- Joined
- Mar 5, 2011
- Messages
- 11,221
- Reaction score
- 14,754
- Points
- 999
- Location
- U'alapue/Kaunakakai, Hawaii
- Resorts Owned
- Pono Kai, 20 wks; Maui Schooner, 1.5 wks; 1 week Ke Nani Kai; WaveCrest Condo, Molokai, HI
I am not assuming anything. I have seen the mistakes that these incompetent scofflaw closing companies make many times in recorded deeds in Dare County, North Carolina. Indeed, the majority of deed chains (they often prepare two deeds when working for the PCC's) from scofflaw closing companies I have seen with my own eyes are invalid to pass title in North Carolina.

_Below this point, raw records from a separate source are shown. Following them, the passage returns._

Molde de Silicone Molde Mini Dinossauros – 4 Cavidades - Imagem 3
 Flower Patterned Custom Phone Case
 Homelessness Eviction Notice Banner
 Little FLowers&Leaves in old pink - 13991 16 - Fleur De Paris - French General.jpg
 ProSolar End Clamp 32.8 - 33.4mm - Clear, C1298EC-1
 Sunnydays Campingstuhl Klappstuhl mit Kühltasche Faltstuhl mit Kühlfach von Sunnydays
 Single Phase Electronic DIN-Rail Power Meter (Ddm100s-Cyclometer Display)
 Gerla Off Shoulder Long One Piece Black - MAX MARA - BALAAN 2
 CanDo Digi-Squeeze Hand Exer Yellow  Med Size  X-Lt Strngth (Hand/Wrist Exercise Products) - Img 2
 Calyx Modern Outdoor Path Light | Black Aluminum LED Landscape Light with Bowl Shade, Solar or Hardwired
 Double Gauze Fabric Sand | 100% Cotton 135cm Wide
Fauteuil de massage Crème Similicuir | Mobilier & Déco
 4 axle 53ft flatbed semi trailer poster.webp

If an attorney makes a mistake, when you have remedies against his legal malpractice insurance or by complaining to the State Bar. Good luck with a scofflaw closing company. If your escrow disappears as it did with the John Faeth closing company, also recommended by many on these boards, then in many states the State Bar will have a client security fund to make it good. That did not happen with the victims of John Faeth who were sometimes out thousands of dollars.
If someone from a resort tells you the week is still yours, it will probably be because legally it still is, and then you will have the choice of paying up, or having your credit destroyed. Your choice, just like using a scofflaw closing company is your choice.
Some of the common errors I see on deeds from scofflaw closing companies include:
1) not containing all of the legal requisites for a valid deed in North Carolina
2) using corporate deed templates for individual deeds (this does not always make the deed invalid to pass title but often does)
3) not copying the entire legal description
4) using a legal description from the wrong resort
5) failing to pick up the week and unit number when they are in the body of the deed instead of within the description
6) changing the unit and week number where it appears for convenience but not in the description where it matters from a legal standpoint.
7) using language from another state on joint tenancy. Because of a North Carolina statute and subsequnet Supreme Court case, one has to be VERY specific here or you end up with a tenancy in common instead. This does not invalidate title but it could be very expensive at probate time. An NC attorney in most situations would have solved the problem by creating a tenancy by the entirety instead, which can be done by inserted one word (and it is not ''entirety'') and has the same attributes that most are looking for with a joint tenancy.
One Outer Banks HOA spent thousands of dollars hiring an attorney to try to clean up the deeds at their resort, most of the mess coming from scofflaw timeshare closing companies. Of course, that should have been the expenses of the members in the mess, and not an HOA expense.
Avoiding legal fees can often be a false economy. I remember well one potential client who came in when I was in the private practice of law. To save the ~$200 legal fee at the time for an uncontested divorce, she had copied what someone else had done, prepared her own papers and obtained the divorce. Unfortunately for her, she had a substantial marital property claim agasint her husband for property that was solely in his name, and a divorce decree cuts off that claim unless language is inserted to preserve it. She, of course, did not know to do this and did not include it in the divorce decree she prepared herself. So, to save $200, she shot herself out of the saddle on what would otherwise have been a solid claim for ~$100,000.
OK,OK you were a practicing lawyer. I've read a lot of your posts over the
last few years but I didn't know that. I little disclosure is nice. Seems to me
that your stating some errors you found through these types of company's
that had some problems. I find it REALLY hard to believe that there are no
problems with any attorney prepared deeds. Any problem would be a pain to
get corrected, no matter who made the mistake. As far as getting money back,
the OP had a free timeshare. If there are fees or money that has to be
paid because of a mistake, that would have to be paid no matter who made
the mistake. People have lost money because of problems with lawyers also.
You state a lot of problems when people don't use a lawyer,
there are many bad stories about lawyers also. You still have to to do your
diligence.
We've both made our points, everyone can decide for themselves.